Fisker was on track to launch its second model, the Atlantic, when its remaining portion of a $529 million Department of Energy loan was blocked due to some missed contractual milestones.
The Californian startup managed to raise $100 million from investors in September, but it appears even with these additional funds Fisker may not be able to continue its operations as an independent firm.
Fisker CEO Tony Posawatz, the former chief engineer of the Chevrolet Volt, has revealed to The Wall Street Journal that his company has hired investment bank Evercore to help find an alliance partner or new investor, and that it’s already in negotiations with several parties. Evercore is the same firm that advised General Motors through its bankruptcy, though Posawatz stressed that Chapter 11 filing wasn’t something Fisker was considering.

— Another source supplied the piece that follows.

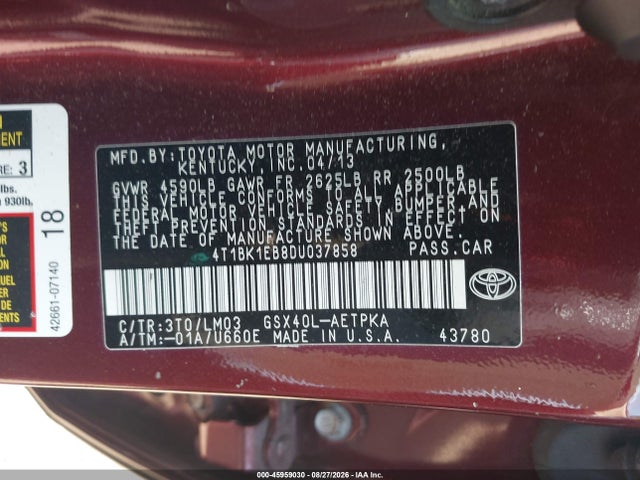 2013 Toyota Avalon Limited მანქანა იყიდება აუქციონზე, vin: 4T1BK1EB8DU037858, აუქციონის ნომერი: 45959030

Fisker is seeking investors primarily in Asia and parts of Europe, due to the greater focus on electric cars in those regions than in the U.S. While there is a chance that Fisker may be sold, a more likely scenario would be licensing of its technology, selling shares to an outside firm, or even selling its vehicle design expertise. Fisker was founded by Dutch automotive designer Henrik Fisker, who is famous for penning cars like the BMW Z8 and Aston Martin V8 Vantage as well as his own company’s Karma.
Sadly for Fisker, it’s been months of seemingly-endless bad news, ranging from the initial funding issues to a series of recalls relating to battery, software and cooling fan problems. The company also suffered the setback of losing more than 300 Karmas due to Hurricane Sandy.
If that wasn't enough, the company most recently was forced to stop production due to its battery supplier, A123 Systems, going bankrupt. It now looks like the assets of A123 Systems will be sold to Chinese automaker Wanxiang Group for approximately $256.6 million. Hopefully it will be back supplying batteries to Fisker soon, so that Karma production can restart.